Task: I'd ask you to write out the lines below exactly, with no images.

Records shown:
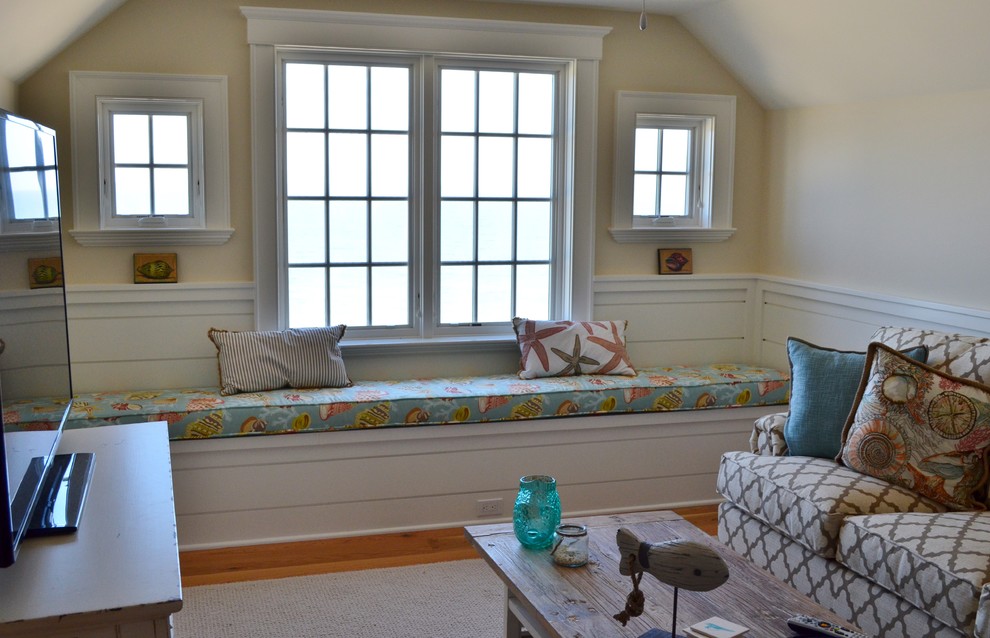 Cette photo montre une salle de séjour mansardée ou avec mezzanine bord de mer avec un mur beige, parquet clair et un téléviseur indépendant.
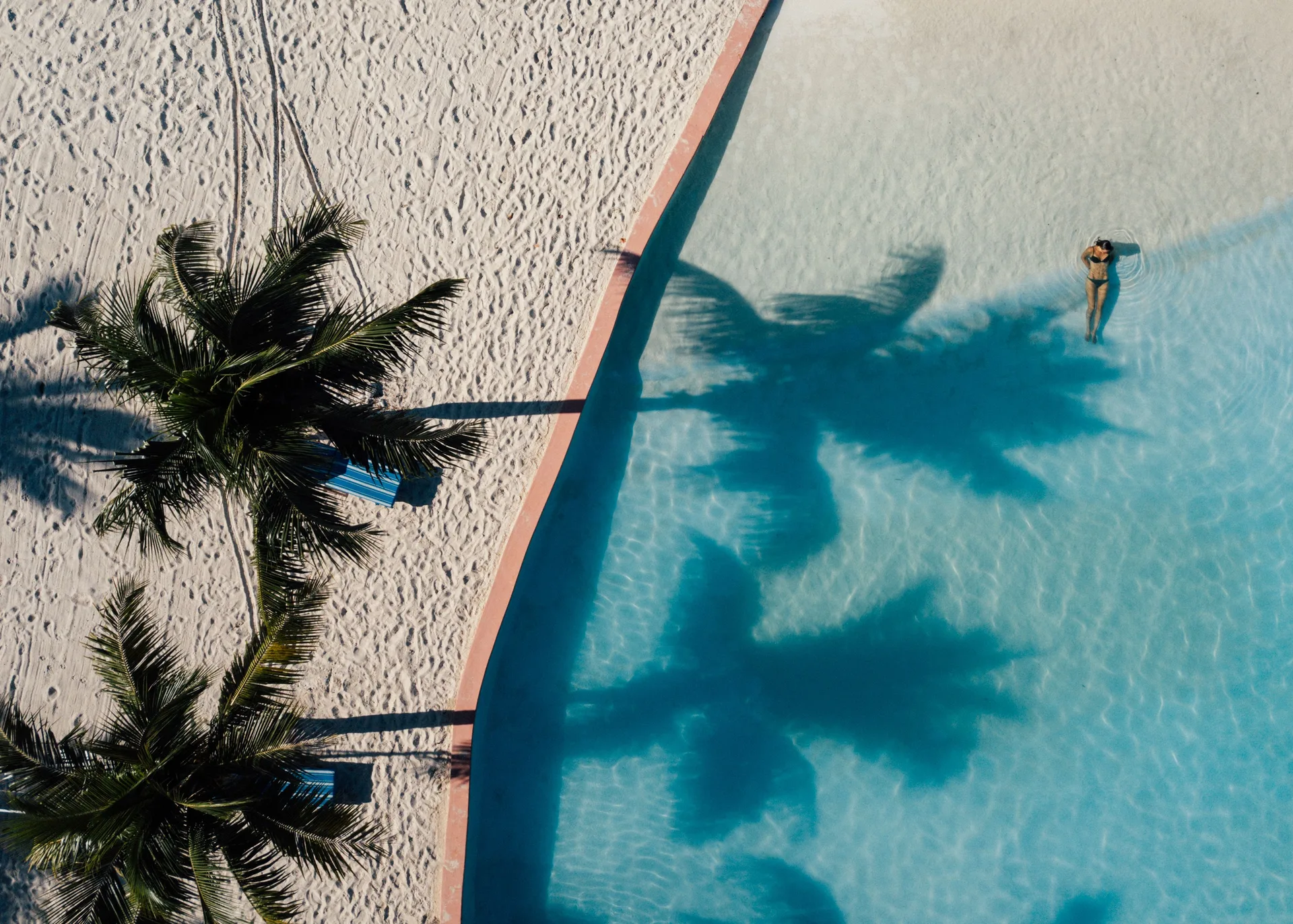 An aerial view shows palms, sand, pool water, and a swimmer at Sandyport Beach Resort.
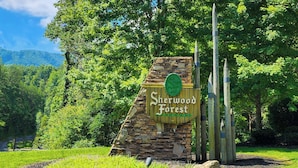 Une pancarte en pierre portant l’inscription « Sherwood Forest Resort », entourée de verdure et d’arbres.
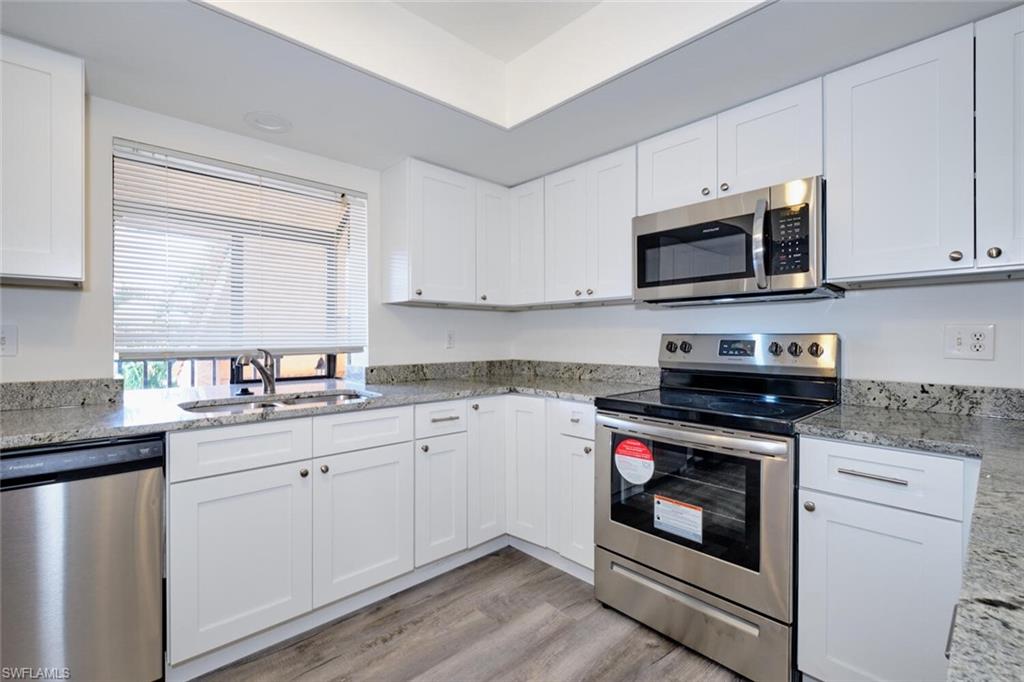 Kitchen with stone countertops, stainless steel appliances, wood-finish flooring, and a window with blinds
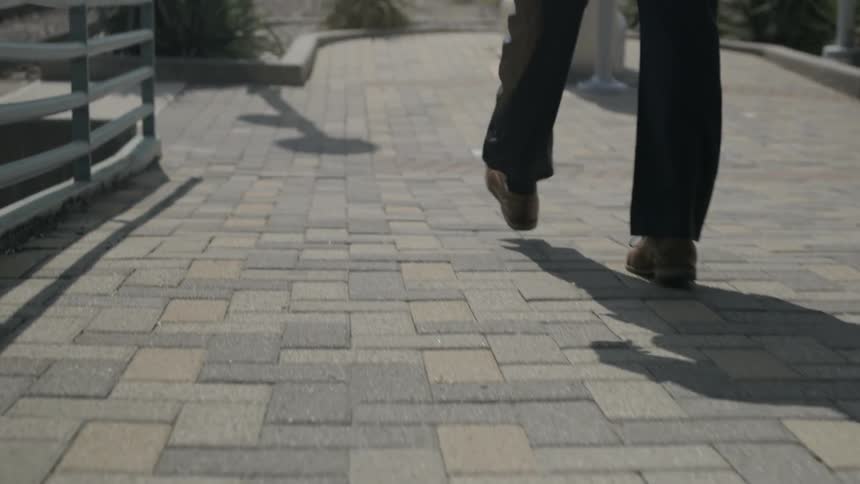 A man walks on a brick path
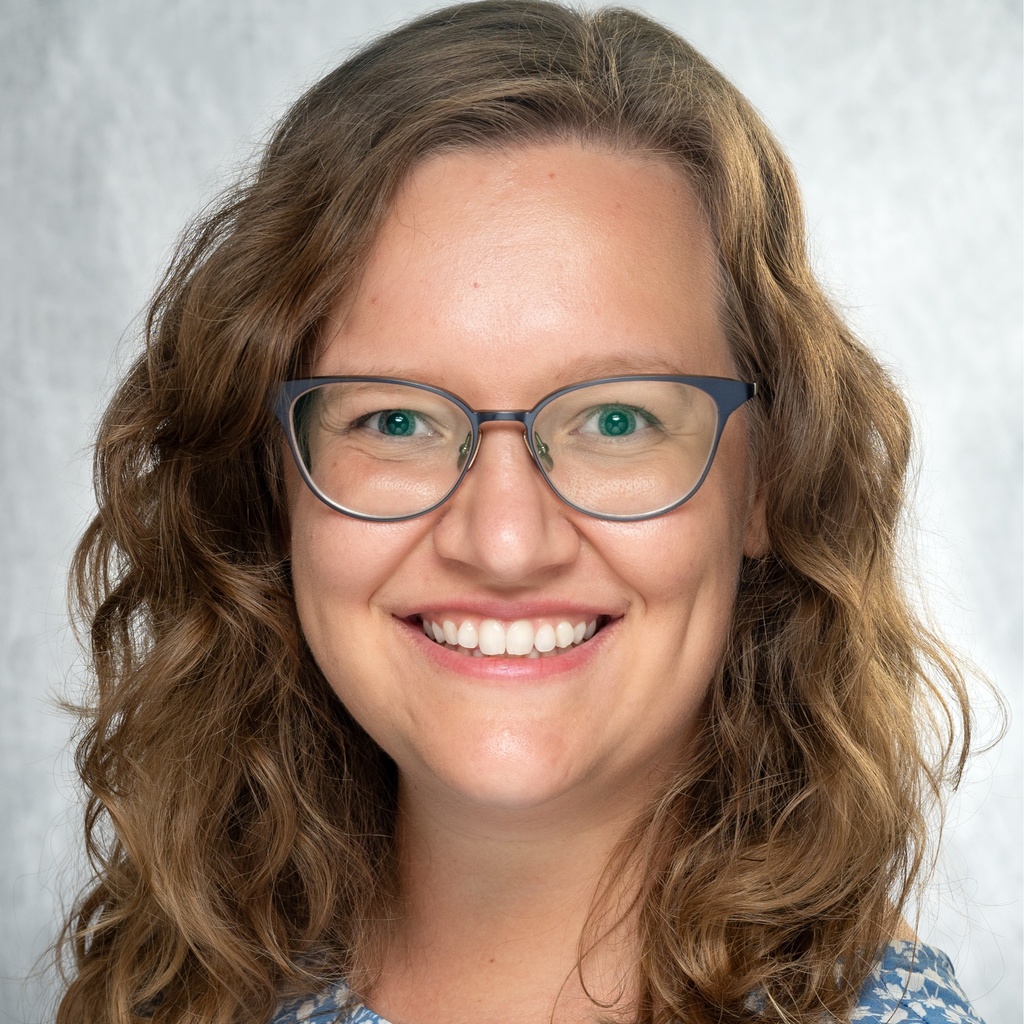 A photo of Dr. Deifelt Streese smiling, wearing a blue shirt in front of a gray background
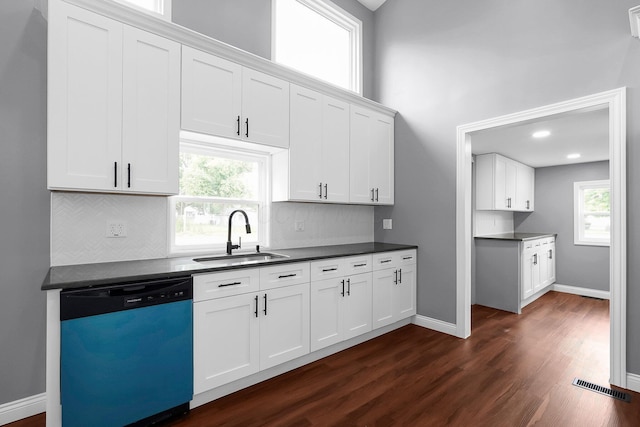 172 Jefferson St, Mount Sterling, OH 43143 - kitchen with dishwasher, healthy amount of natural light, dark wood-style flooring, and dark countertops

Result below:
 Cette photo montre une salle de séjour mansardée ou avec mezzanine bord de mer avec un mur beige, parquet clair et un téléviseur indépendant.
 An aerial view shows palms, sand, pool water, and a swimmer at Sandyport Beach Resort.
 Une pancarte en pierre portant l’inscription « Sherwood Forest Resort », entourée de verdure et d’arbres.
 Kitchen with stone countertops, stainless steel appliances, wood-finish flooring, and a window with blinds
 A man walks on a brick path
 A photo of Dr. Deifelt Streese smiling, wearing a blue shirt in front of a gray background
 172 Jefferson St, Mount Sterling, OH 43143 - kitchen with dishwasher, healthy amount of natural light, dark wood-style flooring, and dark countertops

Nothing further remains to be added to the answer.